→ **AVAILABLE DATA**:

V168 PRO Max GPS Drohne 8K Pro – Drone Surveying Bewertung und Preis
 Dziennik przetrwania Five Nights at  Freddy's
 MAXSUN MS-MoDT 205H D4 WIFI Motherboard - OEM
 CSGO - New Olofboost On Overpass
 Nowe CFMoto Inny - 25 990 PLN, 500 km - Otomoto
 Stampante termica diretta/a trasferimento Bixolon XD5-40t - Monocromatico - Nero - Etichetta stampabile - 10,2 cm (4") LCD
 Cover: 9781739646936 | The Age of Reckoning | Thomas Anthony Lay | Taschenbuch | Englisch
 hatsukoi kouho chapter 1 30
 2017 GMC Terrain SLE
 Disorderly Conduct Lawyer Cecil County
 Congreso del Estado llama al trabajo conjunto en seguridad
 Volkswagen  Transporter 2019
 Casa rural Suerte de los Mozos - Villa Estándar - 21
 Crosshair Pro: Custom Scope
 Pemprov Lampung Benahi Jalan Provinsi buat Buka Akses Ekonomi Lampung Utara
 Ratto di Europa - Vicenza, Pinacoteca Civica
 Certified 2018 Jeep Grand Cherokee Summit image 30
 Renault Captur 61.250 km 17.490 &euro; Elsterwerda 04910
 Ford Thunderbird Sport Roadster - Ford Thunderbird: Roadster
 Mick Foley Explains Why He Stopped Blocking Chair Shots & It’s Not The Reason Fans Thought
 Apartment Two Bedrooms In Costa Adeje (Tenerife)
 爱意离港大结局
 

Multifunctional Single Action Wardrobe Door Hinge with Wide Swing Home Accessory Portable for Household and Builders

→ **WHAT THE TASK ASKS**:
Give the exact lines, and only those, from the line containing "Stampante termica diretta/a" through the line containing "2017 GMC Terrain SLE" in the entries above.

→ **REPLY TO THE EXERCISE**:
 Stampante termica diretta/a trasferimento Bixolon XD5-40t - Monocromatico - Nero - Etichetta stampabile - 10,2 cm (4") LCD
 Cover: 9781739646936 | The Age of Reckoning | Thomas Anthony Lay | Taschenbuch | Englisch
 hatsukoi kouho chapter 1 30
 2017 GMC Terrain SLE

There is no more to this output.